Exercise aim
Starting at the first line of the listing below and ending at the line with "Dish Rack Holds", copy each line exactly.

Given records

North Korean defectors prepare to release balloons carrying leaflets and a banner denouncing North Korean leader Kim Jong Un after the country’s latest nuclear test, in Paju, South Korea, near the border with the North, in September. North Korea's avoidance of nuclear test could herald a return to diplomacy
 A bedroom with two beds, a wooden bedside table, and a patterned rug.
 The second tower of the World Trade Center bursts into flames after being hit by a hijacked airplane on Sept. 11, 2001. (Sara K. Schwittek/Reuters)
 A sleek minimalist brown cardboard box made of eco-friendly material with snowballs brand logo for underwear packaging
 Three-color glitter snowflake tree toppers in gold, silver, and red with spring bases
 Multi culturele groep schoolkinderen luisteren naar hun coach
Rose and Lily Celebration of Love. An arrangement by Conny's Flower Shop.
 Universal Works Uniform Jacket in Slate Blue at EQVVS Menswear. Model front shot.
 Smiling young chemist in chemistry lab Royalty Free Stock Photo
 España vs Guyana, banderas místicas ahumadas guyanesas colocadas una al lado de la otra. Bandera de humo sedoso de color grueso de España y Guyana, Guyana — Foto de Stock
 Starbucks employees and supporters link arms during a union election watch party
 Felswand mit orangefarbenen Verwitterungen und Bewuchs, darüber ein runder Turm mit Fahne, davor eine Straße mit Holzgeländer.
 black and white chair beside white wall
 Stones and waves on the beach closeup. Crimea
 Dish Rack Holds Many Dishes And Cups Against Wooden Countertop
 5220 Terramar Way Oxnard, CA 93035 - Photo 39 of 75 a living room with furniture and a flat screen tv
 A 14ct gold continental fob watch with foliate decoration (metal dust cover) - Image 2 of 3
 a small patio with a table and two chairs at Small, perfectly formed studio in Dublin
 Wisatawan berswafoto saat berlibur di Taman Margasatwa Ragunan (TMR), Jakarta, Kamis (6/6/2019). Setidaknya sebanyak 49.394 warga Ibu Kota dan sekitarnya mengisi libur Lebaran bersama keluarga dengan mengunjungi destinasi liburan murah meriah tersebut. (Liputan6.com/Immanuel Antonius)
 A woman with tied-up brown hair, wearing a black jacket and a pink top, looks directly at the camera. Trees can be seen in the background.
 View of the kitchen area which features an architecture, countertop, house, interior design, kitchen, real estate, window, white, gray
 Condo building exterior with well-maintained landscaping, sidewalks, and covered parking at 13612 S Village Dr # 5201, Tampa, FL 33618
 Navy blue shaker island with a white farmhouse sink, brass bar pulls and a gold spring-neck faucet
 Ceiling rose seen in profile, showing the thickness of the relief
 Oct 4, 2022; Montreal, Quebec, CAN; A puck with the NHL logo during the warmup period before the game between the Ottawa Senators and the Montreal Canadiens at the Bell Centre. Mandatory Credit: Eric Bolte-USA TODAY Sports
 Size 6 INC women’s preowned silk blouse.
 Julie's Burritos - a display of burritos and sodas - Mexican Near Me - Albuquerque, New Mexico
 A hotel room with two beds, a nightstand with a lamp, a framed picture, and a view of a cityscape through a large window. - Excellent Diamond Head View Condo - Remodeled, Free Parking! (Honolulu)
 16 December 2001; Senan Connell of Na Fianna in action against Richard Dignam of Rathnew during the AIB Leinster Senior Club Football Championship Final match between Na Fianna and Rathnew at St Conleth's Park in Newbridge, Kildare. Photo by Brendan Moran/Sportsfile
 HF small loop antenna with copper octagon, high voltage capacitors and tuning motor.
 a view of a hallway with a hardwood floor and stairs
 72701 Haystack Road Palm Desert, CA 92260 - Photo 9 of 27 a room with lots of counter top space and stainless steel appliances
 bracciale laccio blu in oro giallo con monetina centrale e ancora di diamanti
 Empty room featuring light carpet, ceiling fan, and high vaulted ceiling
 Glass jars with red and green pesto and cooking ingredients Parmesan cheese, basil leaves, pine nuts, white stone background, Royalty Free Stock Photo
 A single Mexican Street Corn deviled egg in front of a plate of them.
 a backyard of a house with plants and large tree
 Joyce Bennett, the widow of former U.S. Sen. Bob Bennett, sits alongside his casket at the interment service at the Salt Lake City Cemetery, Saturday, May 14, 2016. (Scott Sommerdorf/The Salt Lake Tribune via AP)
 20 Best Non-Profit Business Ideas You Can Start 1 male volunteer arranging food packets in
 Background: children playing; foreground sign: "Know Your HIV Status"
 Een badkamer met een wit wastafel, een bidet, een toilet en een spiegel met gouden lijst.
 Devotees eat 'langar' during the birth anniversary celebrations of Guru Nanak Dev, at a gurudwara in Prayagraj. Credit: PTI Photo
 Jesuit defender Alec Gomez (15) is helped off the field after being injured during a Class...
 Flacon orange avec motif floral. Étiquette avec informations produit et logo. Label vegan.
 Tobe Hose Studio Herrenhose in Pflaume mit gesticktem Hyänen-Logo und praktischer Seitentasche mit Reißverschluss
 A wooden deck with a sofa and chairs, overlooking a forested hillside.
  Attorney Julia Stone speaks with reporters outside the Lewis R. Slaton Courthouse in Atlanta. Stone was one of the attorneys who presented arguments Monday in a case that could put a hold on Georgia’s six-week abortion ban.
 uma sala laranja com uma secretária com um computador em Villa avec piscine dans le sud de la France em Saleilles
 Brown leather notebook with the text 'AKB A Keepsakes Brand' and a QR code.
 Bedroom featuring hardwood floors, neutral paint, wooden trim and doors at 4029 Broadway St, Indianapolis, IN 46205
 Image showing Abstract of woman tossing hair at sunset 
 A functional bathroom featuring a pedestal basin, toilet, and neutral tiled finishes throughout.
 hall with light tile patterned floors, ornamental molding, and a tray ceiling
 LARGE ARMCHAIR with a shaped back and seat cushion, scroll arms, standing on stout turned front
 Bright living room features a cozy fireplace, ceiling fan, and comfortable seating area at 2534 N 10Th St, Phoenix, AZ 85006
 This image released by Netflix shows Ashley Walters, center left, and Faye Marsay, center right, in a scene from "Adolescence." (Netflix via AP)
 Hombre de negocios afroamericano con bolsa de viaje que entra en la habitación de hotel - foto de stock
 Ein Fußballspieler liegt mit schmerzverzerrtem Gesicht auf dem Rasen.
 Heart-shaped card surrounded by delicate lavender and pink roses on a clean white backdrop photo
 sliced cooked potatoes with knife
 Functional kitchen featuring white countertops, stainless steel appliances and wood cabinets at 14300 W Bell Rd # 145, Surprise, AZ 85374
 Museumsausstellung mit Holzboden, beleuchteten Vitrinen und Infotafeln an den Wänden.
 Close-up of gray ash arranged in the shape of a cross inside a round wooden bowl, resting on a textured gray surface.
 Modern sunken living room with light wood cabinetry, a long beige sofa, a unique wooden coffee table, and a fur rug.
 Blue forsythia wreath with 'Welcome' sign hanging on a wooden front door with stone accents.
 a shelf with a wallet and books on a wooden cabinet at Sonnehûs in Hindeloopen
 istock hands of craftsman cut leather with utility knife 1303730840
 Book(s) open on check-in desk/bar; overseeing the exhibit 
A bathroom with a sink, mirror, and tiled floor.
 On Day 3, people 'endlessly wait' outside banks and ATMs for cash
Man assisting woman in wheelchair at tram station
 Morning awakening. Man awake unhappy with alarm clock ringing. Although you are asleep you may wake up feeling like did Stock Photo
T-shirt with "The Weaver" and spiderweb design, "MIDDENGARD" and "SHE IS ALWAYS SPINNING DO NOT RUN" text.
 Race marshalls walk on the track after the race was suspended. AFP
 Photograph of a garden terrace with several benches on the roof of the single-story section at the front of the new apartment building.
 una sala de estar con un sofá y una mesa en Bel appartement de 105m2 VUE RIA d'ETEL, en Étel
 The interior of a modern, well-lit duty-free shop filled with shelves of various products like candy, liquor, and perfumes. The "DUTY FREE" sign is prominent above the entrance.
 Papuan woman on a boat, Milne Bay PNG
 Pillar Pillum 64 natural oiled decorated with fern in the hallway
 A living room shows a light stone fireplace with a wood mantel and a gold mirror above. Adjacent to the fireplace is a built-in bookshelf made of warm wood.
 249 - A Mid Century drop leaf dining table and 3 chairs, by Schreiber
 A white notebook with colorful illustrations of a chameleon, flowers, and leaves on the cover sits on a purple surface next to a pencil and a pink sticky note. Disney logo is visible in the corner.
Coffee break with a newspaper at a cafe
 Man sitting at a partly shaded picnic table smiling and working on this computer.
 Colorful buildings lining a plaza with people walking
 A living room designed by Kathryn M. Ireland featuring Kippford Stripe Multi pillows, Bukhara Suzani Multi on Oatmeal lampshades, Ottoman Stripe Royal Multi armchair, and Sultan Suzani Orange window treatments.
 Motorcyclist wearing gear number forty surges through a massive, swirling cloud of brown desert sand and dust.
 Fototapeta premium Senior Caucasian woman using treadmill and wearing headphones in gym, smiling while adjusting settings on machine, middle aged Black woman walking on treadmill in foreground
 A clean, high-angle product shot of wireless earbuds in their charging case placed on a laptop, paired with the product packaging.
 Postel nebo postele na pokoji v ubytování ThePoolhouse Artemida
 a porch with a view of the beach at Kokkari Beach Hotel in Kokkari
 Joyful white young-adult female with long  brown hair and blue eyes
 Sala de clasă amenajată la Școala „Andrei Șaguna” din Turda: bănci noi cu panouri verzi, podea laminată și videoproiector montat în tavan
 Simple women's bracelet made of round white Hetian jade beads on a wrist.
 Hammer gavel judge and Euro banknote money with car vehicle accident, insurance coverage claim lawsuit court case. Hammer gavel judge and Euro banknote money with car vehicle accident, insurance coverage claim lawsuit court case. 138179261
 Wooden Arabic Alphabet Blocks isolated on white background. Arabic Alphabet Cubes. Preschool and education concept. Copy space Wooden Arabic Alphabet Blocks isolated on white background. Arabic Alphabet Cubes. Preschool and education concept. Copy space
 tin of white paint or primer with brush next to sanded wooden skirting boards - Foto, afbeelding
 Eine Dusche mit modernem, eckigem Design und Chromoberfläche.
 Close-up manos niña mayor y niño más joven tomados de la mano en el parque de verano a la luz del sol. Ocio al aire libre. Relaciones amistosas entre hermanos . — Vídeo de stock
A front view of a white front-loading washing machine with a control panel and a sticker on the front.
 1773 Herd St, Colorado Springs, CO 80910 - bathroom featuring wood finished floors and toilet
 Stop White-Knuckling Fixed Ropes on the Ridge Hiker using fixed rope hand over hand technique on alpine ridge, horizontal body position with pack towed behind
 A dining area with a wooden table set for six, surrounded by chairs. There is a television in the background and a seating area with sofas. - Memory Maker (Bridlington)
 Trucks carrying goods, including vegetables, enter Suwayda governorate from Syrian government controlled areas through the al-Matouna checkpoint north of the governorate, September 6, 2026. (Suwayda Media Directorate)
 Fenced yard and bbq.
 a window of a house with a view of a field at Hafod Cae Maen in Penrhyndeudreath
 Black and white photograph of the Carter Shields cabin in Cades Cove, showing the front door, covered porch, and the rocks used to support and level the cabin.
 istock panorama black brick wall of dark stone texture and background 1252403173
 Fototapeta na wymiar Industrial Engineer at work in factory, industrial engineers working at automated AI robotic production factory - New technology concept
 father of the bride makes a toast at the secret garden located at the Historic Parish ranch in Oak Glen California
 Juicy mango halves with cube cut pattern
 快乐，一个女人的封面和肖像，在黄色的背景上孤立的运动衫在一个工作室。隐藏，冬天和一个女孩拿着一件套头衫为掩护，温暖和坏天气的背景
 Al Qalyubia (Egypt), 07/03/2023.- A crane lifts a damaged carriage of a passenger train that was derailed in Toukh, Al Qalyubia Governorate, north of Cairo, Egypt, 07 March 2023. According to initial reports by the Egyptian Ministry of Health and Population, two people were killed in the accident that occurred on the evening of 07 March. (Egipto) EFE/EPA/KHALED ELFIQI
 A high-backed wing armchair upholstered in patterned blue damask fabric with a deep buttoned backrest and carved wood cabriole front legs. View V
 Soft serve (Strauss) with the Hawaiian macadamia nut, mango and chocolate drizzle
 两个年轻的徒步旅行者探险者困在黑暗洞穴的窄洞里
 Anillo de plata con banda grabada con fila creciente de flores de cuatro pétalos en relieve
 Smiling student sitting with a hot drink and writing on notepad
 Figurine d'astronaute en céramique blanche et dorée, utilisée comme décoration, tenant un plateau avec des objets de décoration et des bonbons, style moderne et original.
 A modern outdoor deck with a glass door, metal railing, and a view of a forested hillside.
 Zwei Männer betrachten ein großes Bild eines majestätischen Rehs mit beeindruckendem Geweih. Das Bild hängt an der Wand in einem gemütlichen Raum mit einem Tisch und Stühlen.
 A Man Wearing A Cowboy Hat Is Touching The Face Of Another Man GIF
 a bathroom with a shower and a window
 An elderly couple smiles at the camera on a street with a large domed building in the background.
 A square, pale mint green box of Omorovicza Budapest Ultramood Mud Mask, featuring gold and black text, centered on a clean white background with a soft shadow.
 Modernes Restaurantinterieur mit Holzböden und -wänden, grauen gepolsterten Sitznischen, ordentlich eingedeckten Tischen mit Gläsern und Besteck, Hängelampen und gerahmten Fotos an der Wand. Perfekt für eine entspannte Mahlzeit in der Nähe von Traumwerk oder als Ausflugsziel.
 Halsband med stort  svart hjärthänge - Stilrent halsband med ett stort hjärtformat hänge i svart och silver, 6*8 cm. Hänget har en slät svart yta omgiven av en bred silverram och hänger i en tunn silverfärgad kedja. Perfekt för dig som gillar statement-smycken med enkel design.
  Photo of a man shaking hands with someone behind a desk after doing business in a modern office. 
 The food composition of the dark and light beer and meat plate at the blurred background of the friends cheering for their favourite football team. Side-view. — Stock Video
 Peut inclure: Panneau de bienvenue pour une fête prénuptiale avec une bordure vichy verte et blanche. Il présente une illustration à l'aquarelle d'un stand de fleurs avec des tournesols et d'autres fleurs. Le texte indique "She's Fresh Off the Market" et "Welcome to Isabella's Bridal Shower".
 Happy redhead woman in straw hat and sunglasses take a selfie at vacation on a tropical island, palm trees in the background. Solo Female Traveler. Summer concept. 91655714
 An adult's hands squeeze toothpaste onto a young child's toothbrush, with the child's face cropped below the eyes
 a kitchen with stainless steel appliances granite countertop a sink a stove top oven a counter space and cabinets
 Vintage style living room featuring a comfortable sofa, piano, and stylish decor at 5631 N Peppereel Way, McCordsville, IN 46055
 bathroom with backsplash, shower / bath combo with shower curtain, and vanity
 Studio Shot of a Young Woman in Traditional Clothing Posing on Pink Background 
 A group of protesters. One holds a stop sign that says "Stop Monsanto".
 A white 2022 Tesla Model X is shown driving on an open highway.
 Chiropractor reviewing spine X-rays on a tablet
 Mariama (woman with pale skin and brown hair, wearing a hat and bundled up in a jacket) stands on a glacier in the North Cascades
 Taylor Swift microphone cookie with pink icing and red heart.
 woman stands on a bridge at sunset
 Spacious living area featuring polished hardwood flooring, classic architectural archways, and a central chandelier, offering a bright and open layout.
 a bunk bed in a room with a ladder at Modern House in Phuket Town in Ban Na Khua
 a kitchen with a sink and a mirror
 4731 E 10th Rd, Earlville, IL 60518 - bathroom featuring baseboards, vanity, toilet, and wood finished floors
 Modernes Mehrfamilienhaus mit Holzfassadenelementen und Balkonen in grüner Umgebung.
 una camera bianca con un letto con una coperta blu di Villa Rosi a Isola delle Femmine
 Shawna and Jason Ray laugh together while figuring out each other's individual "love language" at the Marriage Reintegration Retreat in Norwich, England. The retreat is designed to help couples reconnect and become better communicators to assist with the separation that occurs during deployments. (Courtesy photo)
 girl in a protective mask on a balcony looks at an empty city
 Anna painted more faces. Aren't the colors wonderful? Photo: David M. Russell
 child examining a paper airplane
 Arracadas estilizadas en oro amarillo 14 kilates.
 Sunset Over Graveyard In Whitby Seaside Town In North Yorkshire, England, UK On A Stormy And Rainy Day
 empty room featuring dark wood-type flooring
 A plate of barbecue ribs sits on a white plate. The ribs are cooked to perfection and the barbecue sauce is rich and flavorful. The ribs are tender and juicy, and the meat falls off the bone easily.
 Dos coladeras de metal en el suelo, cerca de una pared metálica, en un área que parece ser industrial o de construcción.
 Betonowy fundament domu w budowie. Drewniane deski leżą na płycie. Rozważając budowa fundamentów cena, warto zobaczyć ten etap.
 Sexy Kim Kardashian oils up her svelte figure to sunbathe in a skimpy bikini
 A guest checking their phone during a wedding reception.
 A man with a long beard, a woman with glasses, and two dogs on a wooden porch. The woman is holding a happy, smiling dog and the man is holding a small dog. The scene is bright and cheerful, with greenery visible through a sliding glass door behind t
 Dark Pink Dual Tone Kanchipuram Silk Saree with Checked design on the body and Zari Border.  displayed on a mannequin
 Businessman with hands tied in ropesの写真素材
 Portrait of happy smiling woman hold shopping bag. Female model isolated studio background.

Solution for this problem
North Korean defectors prepare to release balloons carrying leaflets and a banner denouncing North Korean leader Kim Jong Un after the country’s latest nuclear test, in Paju, South Korea, near the border with the North, in September. North Korea's avoidance of nuclear test could herald a return to diplomacy
 A bedroom with two beds, a wooden bedside table, and a patterned rug.
 The second tower of the World Trade Center bursts into flames after being hit by a hijacked airplane on Sept. 11, 2001. (Sara K. Schwittek/Reuters)
 A sleek minimalist brown cardboard box made of eco-friendly material with snowballs brand logo for underwear packaging
 Three-color glitter snowflake tree toppers in gold, silver, and red with spring bases
 Multi culturele groep schoolkinderen luisteren naar hun coach
Rose and Lily Celebration of Love. An arrangement by Conny's Flower Shop.
 Universal Works Uniform Jacket in Slate Blue at EQVVS Menswear. Model front shot.
 Smiling young chemist in chemistry lab Royalty Free Stock Photo
 España vs Guyana, banderas místicas ahumadas guyanesas colocadas una al lado de la otra. Bandera de humo sedoso de color grueso de España y Guyana, Guyana — Foto de Stock
 Starbucks employees and supporters link arms during a union election watch party
 Felswand mit orangefarbenen Verwitterungen und Bewuchs, darüber ein runder Turm mit Fahne, davor eine Straße mit Holzgeländer.
 black and white chair beside white wall
 Stones and waves on the beach closeup. Crimea
 Dish Rack Holds Many Dishes And Cups Against Wooden Countertop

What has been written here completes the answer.